§ **Work instructions**
Output exactly the lines that come between the start of the material and the line containing "T-shirt KG2127114 Футболка", both ends included, with the pictures omitted.

------------------------------------------------------------------------

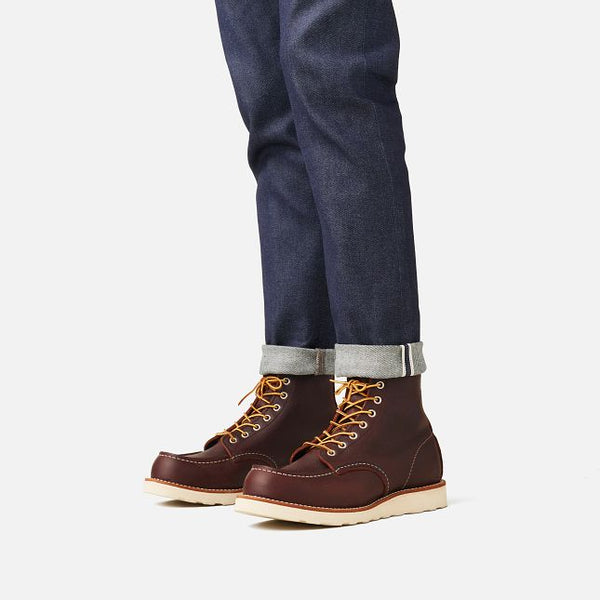 Classic Moc Heritage 8138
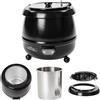 Royal Catering Expondo Royal Catering Pentola elettrica per zuppe - 10 litri - digitale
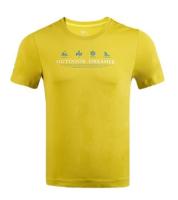Футболка Kailas Outdoor Dreamer Cotton T-shirt KG2127114 Футболка Kailas Outdoor Dreamer Cotton T-shirt KG2127114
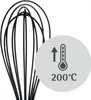 WMF Silikon-Schneebesen 20 cm Profi Plus Produktbild-Vorschau 3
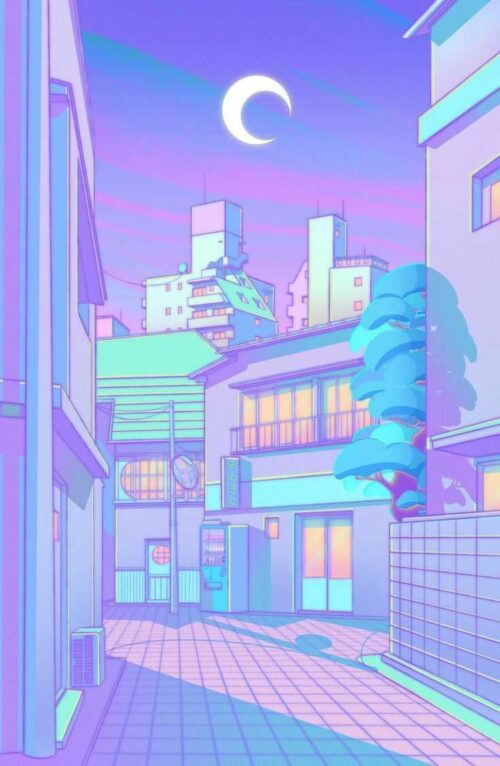 Lofi Wallpaper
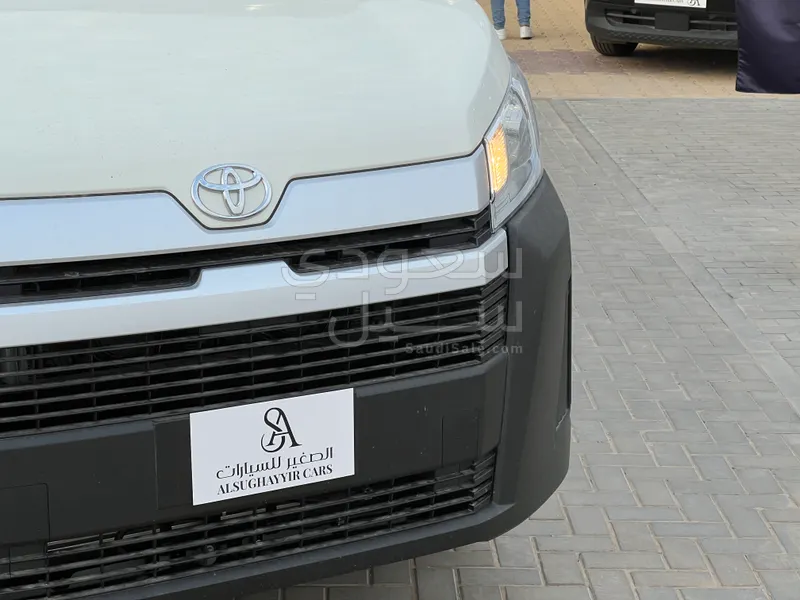 2026 تويوتا هايس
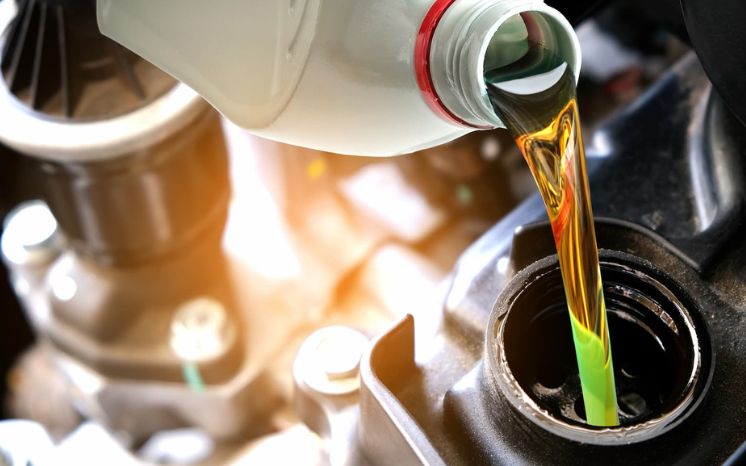 What Oil Does My Car Take?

------------------------------------------------------------------------

§ **Solution**
 Classic Moc Heritage 8138
 Royal Catering Expondo Royal Catering Pentola elettrica per zuppe - 10 litri - digitale
Футболка Kailas Outdoor Dreamer Cotton T-shirt KG2127114 Футболка Kailas Outdoor Dreamer Cotton T-shirt KG2127114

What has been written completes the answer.